Record extracts —
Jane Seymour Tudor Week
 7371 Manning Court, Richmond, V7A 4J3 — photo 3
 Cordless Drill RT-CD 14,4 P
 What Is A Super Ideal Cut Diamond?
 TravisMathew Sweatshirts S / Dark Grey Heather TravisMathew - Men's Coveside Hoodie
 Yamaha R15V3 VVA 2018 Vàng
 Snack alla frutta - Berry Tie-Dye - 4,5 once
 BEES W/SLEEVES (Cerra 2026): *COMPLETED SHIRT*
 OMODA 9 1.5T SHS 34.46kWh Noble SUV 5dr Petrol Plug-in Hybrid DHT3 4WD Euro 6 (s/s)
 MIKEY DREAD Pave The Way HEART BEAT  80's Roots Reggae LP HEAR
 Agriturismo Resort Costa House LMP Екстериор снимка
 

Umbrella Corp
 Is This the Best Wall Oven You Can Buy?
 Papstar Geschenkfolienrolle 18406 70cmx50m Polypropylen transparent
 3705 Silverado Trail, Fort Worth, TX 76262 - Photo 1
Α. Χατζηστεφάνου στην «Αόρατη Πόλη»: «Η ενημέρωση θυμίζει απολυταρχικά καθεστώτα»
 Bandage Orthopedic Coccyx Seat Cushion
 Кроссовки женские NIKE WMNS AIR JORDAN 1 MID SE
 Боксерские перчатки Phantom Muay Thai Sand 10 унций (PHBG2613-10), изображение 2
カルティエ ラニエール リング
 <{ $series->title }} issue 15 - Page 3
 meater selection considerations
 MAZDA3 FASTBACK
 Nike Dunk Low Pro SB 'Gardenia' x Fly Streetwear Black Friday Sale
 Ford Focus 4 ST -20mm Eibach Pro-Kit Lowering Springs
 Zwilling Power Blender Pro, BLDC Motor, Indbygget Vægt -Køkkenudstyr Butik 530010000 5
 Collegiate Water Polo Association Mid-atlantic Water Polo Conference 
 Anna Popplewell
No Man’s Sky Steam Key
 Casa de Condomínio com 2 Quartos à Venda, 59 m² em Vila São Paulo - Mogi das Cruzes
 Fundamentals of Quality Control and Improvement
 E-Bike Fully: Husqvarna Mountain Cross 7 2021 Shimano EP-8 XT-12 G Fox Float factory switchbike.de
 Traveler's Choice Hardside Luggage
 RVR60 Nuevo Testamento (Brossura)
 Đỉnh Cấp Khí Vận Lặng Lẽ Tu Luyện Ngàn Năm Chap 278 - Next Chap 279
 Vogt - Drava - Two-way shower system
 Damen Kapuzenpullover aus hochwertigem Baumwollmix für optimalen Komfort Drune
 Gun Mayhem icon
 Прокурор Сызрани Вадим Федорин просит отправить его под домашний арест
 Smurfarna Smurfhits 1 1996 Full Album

Assignment — Give back each record above exactly as written.

Exercise output —
Jane Seymour Tudor Week
 7371 Manning Court, Richmond, V7A 4J3 — photo 3
 Cordless Drill RT-CD 14,4 P
 What Is A Super Ideal Cut Diamond?
 TravisMathew Sweatshirts S / Dark Grey Heather TravisMathew - Men's Coveside Hoodie
 Yamaha R15V3 VVA 2018 Vàng
 Snack alla frutta - Berry Tie-Dye - 4,5 once
 BEES W/SLEEVES (Cerra 2026): *COMPLETED SHIRT*
 OMODA 9 1.5T SHS 34.46kWh Noble SUV 5dr Petrol Plug-in Hybrid DHT3 4WD Euro 6 (s/s)
 MIKEY DREAD Pave The Way HEART BEAT  80's Roots Reggae LP HEAR
 Agriturismo Resort Costa House LMP Екстериор снимка
 

Umbrella Corp
 Is This the Best Wall Oven You Can Buy?
 Papstar Geschenkfolienrolle 18406 70cmx50m Polypropylen transparent
 3705 Silverado Trail, Fort Worth, TX 76262 - Photo 1
Α. Χατζηστεφάνου στην «Αόρατη Πόλη»: «Η ενημέρωση θυμίζει απολυταρχικά καθεστώτα»
 Bandage Orthopedic Coccyx Seat Cushion
 Кроссовки женские NIKE WMNS AIR JORDAN 1 MID SE
 Боксерские перчатки Phantom Muay Thai Sand 10 унций (PHBG2613-10), изображение 2
カルティエ ラニエール リング
 <{ $series->title }} issue 15 - Page 3
 meater selection considerations
 MAZDA3 FASTBACK
 Nike Dunk Low Pro SB 'Gardenia' x Fly Streetwear Black Friday Sale
 Ford Focus 4 ST -20mm Eibach Pro-Kit Lowering Springs
 Zwilling Power Blender Pro, BLDC Motor, Indbygget Vægt -Køkkenudstyr Butik 530010000 5
 Collegiate Water Polo Association Mid-atlantic Water Polo Conference 
 Anna Popplewell
No Man’s Sky Steam Key
 Casa de Condomínio com 2 Quartos à Venda, 59 m² em Vila São Paulo - Mogi das Cruzes
 Fundamentals of Quality Control and Improvement
 E-Bike Fully: Husqvarna Mountain Cross 7 2021 Shimano EP-8 XT-12 G Fox Float factory switchbike.de
 Traveler's Choice Hardside Luggage
 RVR60 Nuevo Testamento (Brossura)
 Đỉnh Cấp Khí Vận Lặng Lẽ Tu Luyện Ngàn Năm Chap 278 - Next Chap 279
 Vogt - Drava - Two-way shower system
 Damen Kapuzenpullover aus hochwertigem Baumwollmix für optimalen Komfort Drune
 Gun Mayhem icon
 Прокурор Сызрани Вадим Федорин просит отправить его под домашний арест
 Smurfarna Smurfhits 1 1996 Full Album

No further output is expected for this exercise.